Try it:
Which lines run from the one containing "grúa: foto 4 MAN" to the end of the entries? Quote them exactly, and nothing else.

Start of Records provided

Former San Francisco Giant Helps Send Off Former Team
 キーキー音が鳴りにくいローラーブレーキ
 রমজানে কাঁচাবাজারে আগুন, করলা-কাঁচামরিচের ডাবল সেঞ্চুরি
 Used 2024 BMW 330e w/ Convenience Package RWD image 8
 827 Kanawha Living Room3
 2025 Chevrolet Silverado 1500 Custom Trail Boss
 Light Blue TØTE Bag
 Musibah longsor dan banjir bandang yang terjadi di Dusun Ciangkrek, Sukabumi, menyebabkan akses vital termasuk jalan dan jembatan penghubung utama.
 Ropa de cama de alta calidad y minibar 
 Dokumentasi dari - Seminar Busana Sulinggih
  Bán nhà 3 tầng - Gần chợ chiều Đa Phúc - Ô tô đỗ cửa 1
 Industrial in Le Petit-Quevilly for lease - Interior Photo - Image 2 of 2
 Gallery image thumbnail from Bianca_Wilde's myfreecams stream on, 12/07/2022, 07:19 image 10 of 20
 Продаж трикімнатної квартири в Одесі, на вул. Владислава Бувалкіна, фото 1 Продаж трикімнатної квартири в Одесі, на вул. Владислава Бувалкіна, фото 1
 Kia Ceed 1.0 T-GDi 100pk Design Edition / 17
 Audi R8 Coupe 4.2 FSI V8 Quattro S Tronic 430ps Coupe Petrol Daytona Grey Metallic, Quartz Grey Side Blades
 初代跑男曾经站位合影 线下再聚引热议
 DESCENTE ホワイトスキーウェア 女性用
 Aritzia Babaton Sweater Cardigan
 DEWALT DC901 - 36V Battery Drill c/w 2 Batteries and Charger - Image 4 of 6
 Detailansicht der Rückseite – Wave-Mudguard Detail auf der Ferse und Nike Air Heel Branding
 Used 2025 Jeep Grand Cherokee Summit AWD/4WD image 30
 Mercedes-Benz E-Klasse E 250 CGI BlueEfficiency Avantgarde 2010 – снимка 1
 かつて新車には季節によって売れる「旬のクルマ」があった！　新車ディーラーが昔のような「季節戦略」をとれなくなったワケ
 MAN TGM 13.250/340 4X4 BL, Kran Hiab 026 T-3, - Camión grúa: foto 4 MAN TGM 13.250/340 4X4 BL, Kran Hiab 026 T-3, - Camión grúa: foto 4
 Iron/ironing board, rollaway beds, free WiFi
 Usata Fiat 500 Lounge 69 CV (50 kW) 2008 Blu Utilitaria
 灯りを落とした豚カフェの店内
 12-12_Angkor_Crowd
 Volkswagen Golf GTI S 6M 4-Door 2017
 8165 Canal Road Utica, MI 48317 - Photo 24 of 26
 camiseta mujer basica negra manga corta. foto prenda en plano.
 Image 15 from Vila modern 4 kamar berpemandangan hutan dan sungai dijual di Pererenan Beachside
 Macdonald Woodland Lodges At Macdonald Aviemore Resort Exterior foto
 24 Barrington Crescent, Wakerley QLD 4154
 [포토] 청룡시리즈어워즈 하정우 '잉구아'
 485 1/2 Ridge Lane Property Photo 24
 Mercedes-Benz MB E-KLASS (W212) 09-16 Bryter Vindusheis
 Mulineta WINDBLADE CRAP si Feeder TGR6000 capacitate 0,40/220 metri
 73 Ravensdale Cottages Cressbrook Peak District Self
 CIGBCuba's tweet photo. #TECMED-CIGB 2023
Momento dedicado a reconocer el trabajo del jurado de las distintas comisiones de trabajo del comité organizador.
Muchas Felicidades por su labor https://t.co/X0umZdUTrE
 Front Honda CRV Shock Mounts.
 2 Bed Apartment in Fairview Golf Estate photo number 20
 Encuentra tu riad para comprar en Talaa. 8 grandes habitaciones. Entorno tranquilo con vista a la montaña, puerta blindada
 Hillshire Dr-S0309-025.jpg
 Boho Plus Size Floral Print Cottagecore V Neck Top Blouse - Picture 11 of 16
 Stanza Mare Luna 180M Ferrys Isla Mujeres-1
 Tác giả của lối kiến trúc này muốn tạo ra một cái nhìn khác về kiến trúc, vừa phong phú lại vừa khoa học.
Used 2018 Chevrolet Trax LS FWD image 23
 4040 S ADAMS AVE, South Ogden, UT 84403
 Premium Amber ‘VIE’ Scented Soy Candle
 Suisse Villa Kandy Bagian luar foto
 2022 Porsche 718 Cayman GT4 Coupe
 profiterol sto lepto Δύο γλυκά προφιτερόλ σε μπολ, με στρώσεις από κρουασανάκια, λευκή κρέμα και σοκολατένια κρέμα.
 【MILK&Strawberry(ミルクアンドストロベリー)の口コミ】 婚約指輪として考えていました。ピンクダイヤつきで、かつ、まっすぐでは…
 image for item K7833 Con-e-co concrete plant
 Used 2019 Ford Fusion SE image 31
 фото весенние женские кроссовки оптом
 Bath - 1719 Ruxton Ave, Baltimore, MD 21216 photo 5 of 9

End of Records provided

Response area:
 MAN TGM 13.250/340 4X4 BL, Kran Hiab 026 T-3, - Camión grúa: foto 4 MAN TGM 13.250/340 4X4 BL, Kran Hiab 026 T-3, - Camión grúa: foto 4
 Iron/ironing board, rollaway beds, free WiFi
 Usata Fiat 500 Lounge 69 CV (50 kW) 2008 Blu Utilitaria
 灯りを落とした豚カフェの店内
 12-12_Angkor_Crowd
 Volkswagen Golf GTI S 6M 4-Door 2017
 8165 Canal Road Utica, MI 48317 - Photo 24 of 26
 camiseta mujer basica negra manga corta. foto prenda en plano.
 Image 15 from Vila modern 4 kamar berpemandangan hutan dan sungai dijual di Pererenan Beachside
 Macdonald Woodland Lodges At Macdonald Aviemore Resort Exterior foto
 24 Barrington Crescent, Wakerley QLD 4154
 [포토] 청룡시리즈어워즈 하정우 '잉구아'
 485 1/2 Ridge Lane Property Photo 24
 Mercedes-Benz MB E-KLASS (W212) 09-16 Bryter Vindusheis
 Mulineta WINDBLADE CRAP si Feeder TGR6000 capacitate 0,40/220 metri
 73 Ravensdale Cottages Cressbrook Peak District Self
 CIGBCuba's tweet photo. #TECMED-CIGB 2023
Momento dedicado a reconocer el trabajo del jurado de las distintas comisiones de trabajo del comité organizador.
Muchas Felicidades por su labor https://t.co/X0umZdUTrE
 Front Honda CRV Shock Mounts.
 2 Bed Apartment in Fairview Golf Estate photo number 20
 Encuentra tu riad para comprar en Talaa. 8 grandes habitaciones. Entorno tranquilo con vista a la montaña, puerta blindada
 Hillshire Dr-S0309-025.jpg
 Boho Plus Size Floral Print Cottagecore V Neck Top Blouse - Picture 11 of 16
 Stanza Mare Luna 180M Ferrys Isla Mujeres-1
 Tác giả của lối kiến trúc này muốn tạo ra một cái nhìn khác về kiến trúc, vừa phong phú lại vừa khoa học.
Used 2018 Chevrolet Trax LS FWD image 23
 4040 S ADAMS AVE, South Ogden, UT 84403
 Premium Amber ‘VIE’ Scented Soy Candle
 Suisse Villa Kandy Bagian luar foto
 2022 Porsche 718 Cayman GT4 Coupe
 profiterol sto lepto Δύο γλυκά προφιτερόλ σε μπολ, με στρώσεις από κρουασανάκια, λευκή κρέμα και σοκολατένια κρέμα.
 【MILK&Strawberry(ミルクアンドストロベリー)の口コミ】 婚約指輪として考えていました。ピンクダイヤつきで、かつ、まっすぐでは…
 image for item K7833 Con-e-co concrete plant
 Used 2019 Ford Fusion SE image 31
 фото весенние женские кроссовки оптом
 Bath - 1719 Ruxton Ave, Baltimore, MD 21216 photo 5 of 9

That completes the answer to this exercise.